**WORK ORDER**
What is needed is a verbatim copy of the data, minus the pictures.
[DATA BLOCK Boundary: Start]
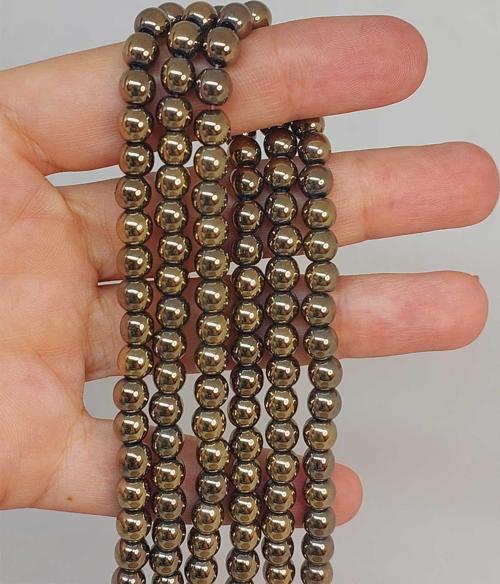 Bileklik Boy Hematit Taşı Yarım Dizi 6mm (48128) (18CM UZUNLUĞUNDADIR)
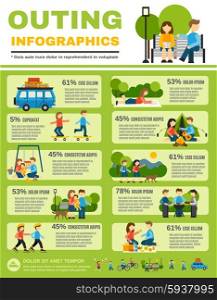 Outing infographics set with families with kids outdoors vector illustration. Outing Infographics Set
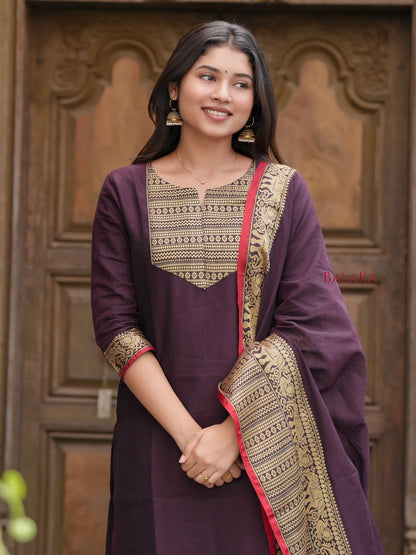 Chocolate Brown Handloom Kurta and Dupatta Set with lining (2 Pcs.)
[DATA BLOCK Boundary: End]
**RESULT OF THE EXERCISE**
 Bileklik Boy Hematit Taşı Yarım Dizi 6mm (48128) (18CM UZUNLUĞUNDADIR)
 Outing infographics set with families with kids outdoors vector illustration. Outing Infographics Set
 Chocolate Brown Handloom Kurta and Dupatta Set with lining (2 Pcs.)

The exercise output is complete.